Third: "I'm going to increase your terminal growth rate from 3% to 4%. Before you calculate it — in which direction does the valuation change, and roughly by how much?" The answer: valuation increases, often by 15-25% depending on the WACC spread, because the denominator in the Gordon Growth Model (WACC minus g) shrinks by a full percentage point.
Comparable company analysis — the selection problem:
Most candidates know how to calculate EV/EBITDA from a Bloomberg pull. What interviewers test is selection judgment:
"You're valuing a mid-size Indian pharma company that manufactures branded generics primarily for domestic markets. Which of these would you include in your comps set: Sun Pharma, Dr. Reddy's, Cipla, Divi's Laboratories, Apollo Hospitals?"
The answer that demonstrates genuine thinking: "Sun Pharma and Cipla are reasonable comps for the branded generics domestic focus, though both are significantly larger. Dr. Reddy's has 50%+ US generics revenue, which gives it different regulatory risk and margin dynamics — I'd include it but note the geographic difference. Divi's is an API manufacturer, which is a different business model entirely — it should be excluded or noted separately. Apollo Hospitals is a completely different sector — healthcare services, not pharma — it shouldn't be in the comps set at all."
Step 2: Build a Story That Cannot Be Fabricated
Every IB interview starts with "tell me about yourself" and "why investment banking?" Most candidates treat these as warm-up questions. Experienced interviewers treat them as the first filter.
The anatomy of a strong "why IB" answer:
A strong answer has three components, delivered in 60-90 seconds. Every component contains specific, verifiable details that are difficult to fabricate.
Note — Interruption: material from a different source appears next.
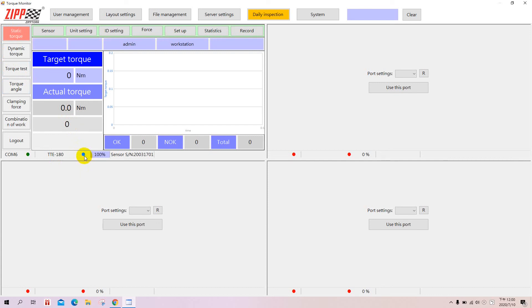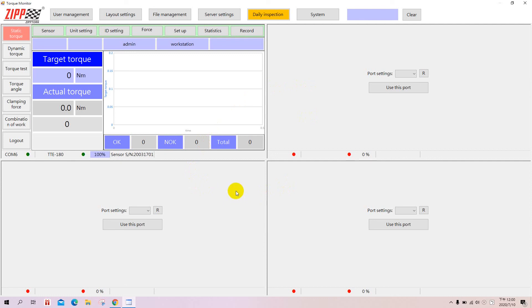As you can see, the green light appears around the transducer name, and 100% is the battery percentage of the sensor. This is how you pair a transducer to each dongle so you can have four transducers working simultaneously.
Component 1 — The origin moment:
Not "I've always been interested in finance." Instead: a specific situation where you encountered a financial problem you could not solve. "I was part of the team at my company evaluating a potential acquisition. I built a basic model — essentially adding the two income statements together — and realised I had no framework for synergies, no understanding of how to structure the financing, and no way to evaluate whether the price being proposed was fair. That gap was concrete and I wanted to close it."
Component 2 — The independent analytical work:
A specific transaction you researched or modelled independently. "When the HDFC Bank-HDFC Limited merger was announced in April 2022, I spent three days building a simplified merger model to understand the EPS dilution and why the market seemed to penalise HDFC Bank's shares on the announcement. What I eventually understood was that the near-term dilution was being accepted because of the long-run cost-of-funds advantage from absorbing HDFC's mortgage book. That insight did not come from the press release."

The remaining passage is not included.